Comment prendre soin de l’enfant hyperactif à l’école ? C’est à l’étude de cette question que Stéphanie Ronchewski Degorre invite le lecteur. Elle montre pour cela que derrière ce questionnement s’en cachent d’autres tout aussi délicates : comment un élève turbulent devient-il un « cas psychiatrique » ? ; Comment reconnaître à l’école un enfant « hyperactif » ? ; Le partenariat qui s’instaure à cette occasion entre le médecin et l’enseignant ne risque-t-il pas d’occasionner une confusion ou une dilution des fonctions, etc.
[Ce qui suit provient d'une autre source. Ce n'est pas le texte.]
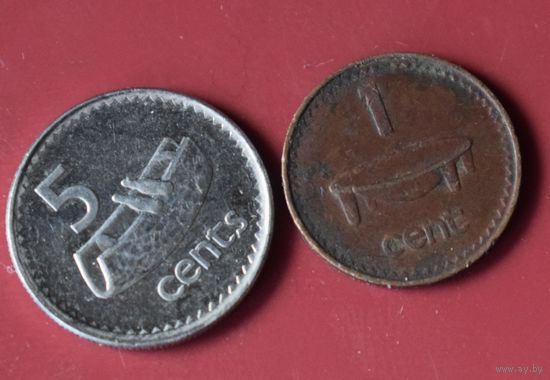Фиджи 2 монеты 5 центов, 1 цент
Autant de questions qui sont dans cette contribution abordées à l’aide de la distinction entre le normal et le pathologique proposée par Canguilhem et donc dans en lien avec une interrogation éthique sur la médicalisation de notre société.

En centrant plus particulièrement l’attention sur le cas du diagnostic médical, Joris Thievenaz, poursuit sa réflexion sur le rôle de l’étonnement dans la construction de l’expérience en situation de travail, en se référant à la philosophie pragmatiste de l’expérience de John Dewey. L’analyse d’une séquence d’échange entre un médecin du travail et un salarié est l’occasion de proposer un outil méthodologique d’identification des expressions de perturbations de l’activité en situation d’interaction. 
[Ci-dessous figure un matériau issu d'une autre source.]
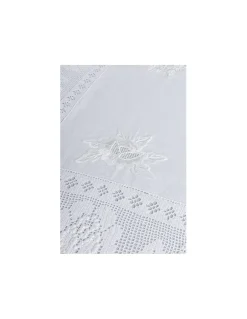 170x270 cm - Toalha de mesa de linho bordada C/ crochê a mão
La contribution de Paul Olry, le présent numéro en abordant la situation banale pour les soignants de l’accueil de parents dans un service de prématurés. On y voit une prise en soin de parents, un enveloppement, au contact d’un enfant au destin incertain et mis à distance par un appareillage technique envahissant. Les soignants s’appliquent ainsi par de petits gestes, par une attention soutenue, mais discrète, de soutenir un lien d’attachement, lui encore en gestation. 

Un intérêt pour les questions d’ordre méthodologiques est également constatable dans l’article de Karen Da Silva Santos, Patricia Alonso et Cinira Magali Fortuna. L’objectif principal de cette étude a été d’analyser les pratiques professionnelles relatives à la lutte antituberculeuse au sein d’un CLAT (centre de lutte antituberculeuse). Dans cette logique, le cadre théorique de l’analyse institutionnelle est convoqué ainsi que le recours à la méthode et au postulat de l’observation participante. Les résultats mettent notamment en évidence comment les pratiques professionnelles relatives à la lutte antituberculeuse dans ce type de structures sont construites et traversées par les institutions (langue, éducation, santé, etc.), et par les processus subjectifs et objectifs, impliqués et pris dans la rencontre professionnels-usagers. 
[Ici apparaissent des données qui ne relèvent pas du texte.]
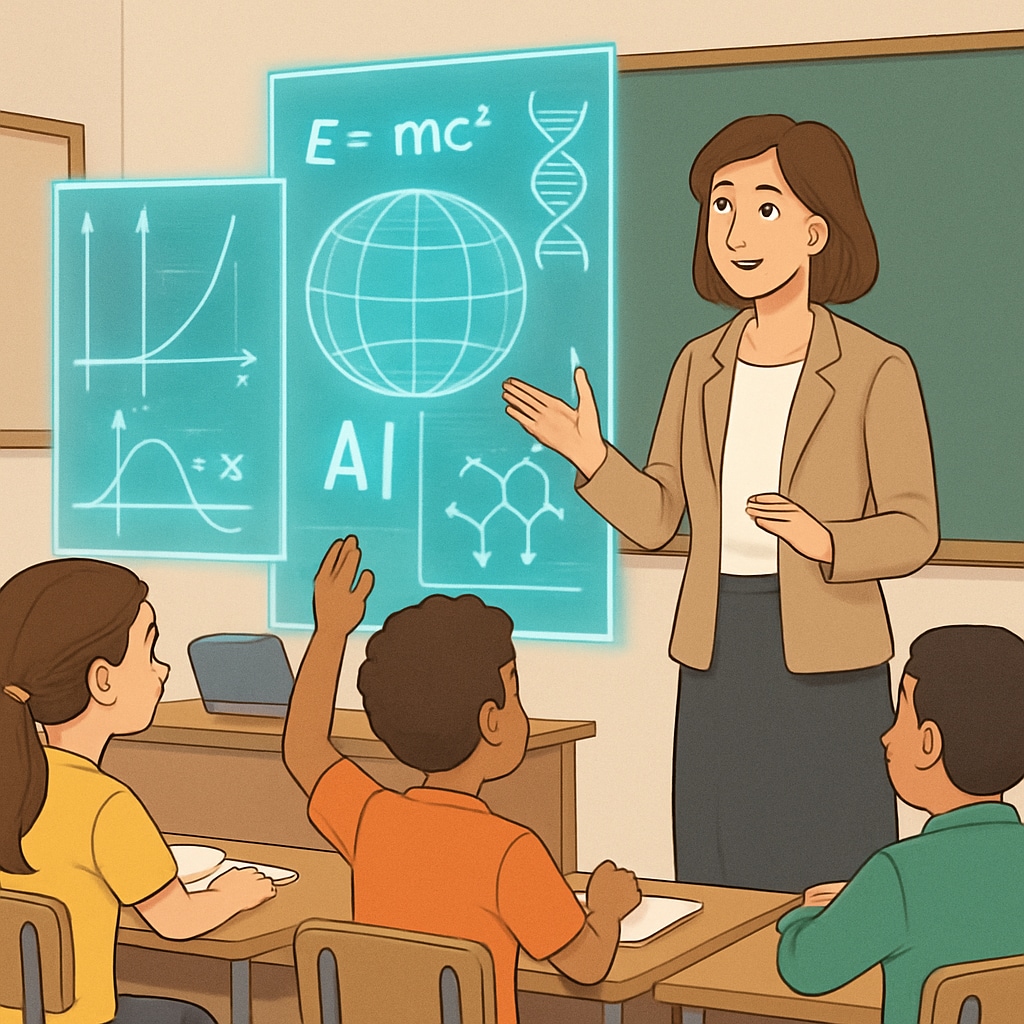 Teacher using AI tools like holographic displays to enhance learning.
Au-delà de leur singularité et des choix méthodologiques et conceptuels réalisés par chacun des auteur.e.s, se dessine ainsi la perspective d’une étude des situations dans lesquelles l’expérience se réalise, s’acquière, se transforme et parfois même se transmet en dehors des dispositifs spécifiquement orientés vers une intention apprenante ou évaluative. Pénétrer dans les « coulisses » Goffman (1956/1973) du prendre soin, de l’aide à autrui ou du souci accordé à la personne, est alors l’occasion de mettre en évidence comme la rencontre entre les professionnels et les bénéficiaires, prend bien souvent la forme d’un partage et d’une co-construction de l’expérience où, l’orque les conditions le permettent, chacun est amené à apprendre et à se transformer au contact d’autrui. Si furtive que soit la rencontre, si balbutiée soit l’interaction, si contrainte soit l’activité de travail, le dialogue qui s’installe porte potentiellement « la double marque du donné et du reçu » (Bachelard, 1969) sur laquelle repose le principe même de l’éducation et de la formation.